** Opening DATASET SECTION block **

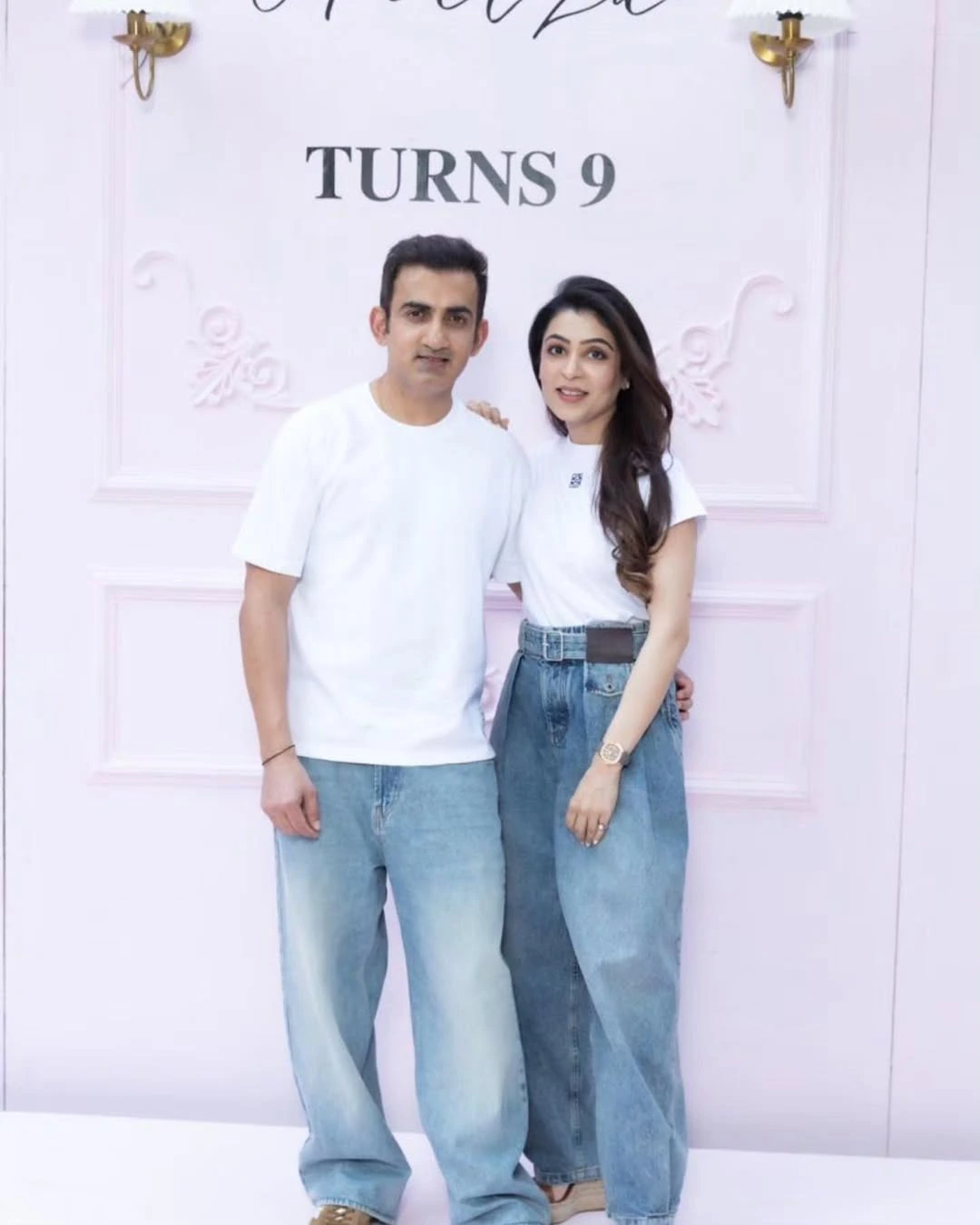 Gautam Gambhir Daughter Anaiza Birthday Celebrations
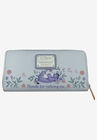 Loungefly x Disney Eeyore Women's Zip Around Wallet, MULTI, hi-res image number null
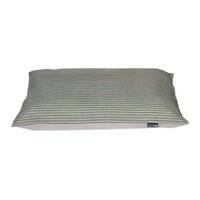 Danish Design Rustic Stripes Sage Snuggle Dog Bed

** Closing DATASET SECTION block **

» HOW TO COMPLETE THIS TASK: Leaving the images out, retype all the material above exactly.

» EXERCISE RESPONSE:
 Gautam Gambhir Daughter Anaiza Birthday Celebrations
 Loungefly x Disney Eeyore Women's Zip Around Wallet, MULTI, hi-res image number null
 Danish Design Rustic Stripes Sage Snuggle Dog Bed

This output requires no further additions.